Somewhere else, Grand Master Flash is reminding some of the younger performers how noble DJs slay a crowd. Sat on his stool, mic in hand, talking the crowd up he effortlessly spins through a myriad of total classics one after the other. Peaking with an outstanding version of his furious five anthem 'The Message'.
Current media darlings Audio Bully's manage to squeeze two shows into the day, a stonking live performance and also a DJing torrent late on at the Radio one pyramid. Derrick Carter & Jeff Mills represent for the US of A Derrick taking the Bacardi bar to new limits with an eye watering four hour throb-o-thon while Jeff provides techno heaviness to wrap up the evening in Arena 2. DJ Lottie, Pete Tong & Rodger Sanchez make mixing house music all look a bit too easy. While the drum & bass tent (aptly named 'Movement') pounds with very low frequencies.

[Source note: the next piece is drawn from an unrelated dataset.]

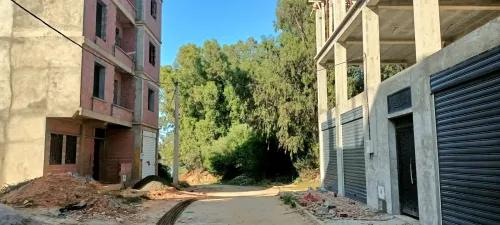 Vente Terrain Jijel Jijel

The likes of Oakey, The Chemical brothers, John Digweed & Sasha provide the glamour as Arena one progresses into what feels like a Superstar DJ tag match. Arena 1 attracts the more mature and maybe nostalgic clubber but the atmosphere is cozy and the tunes are sweet.
I could go on forever
For a fifteen hour experience there is too much to tell. I am always amazed by how much quality entertainment gets squeezed onto the bill of almost all of the current British festivals. An eclectic mix of styles and genres, programmed to perfection, tell a tale of how dance music is growing up in the public eye. Beats hold hand with guitars as the remixes of the day play out.
'Clocks' by Coldplay gets the remix treatment in the VIP suite. While The White Stripes 'Seven Nation Army' blows the roof clean off. These are extraordinarily exciting times.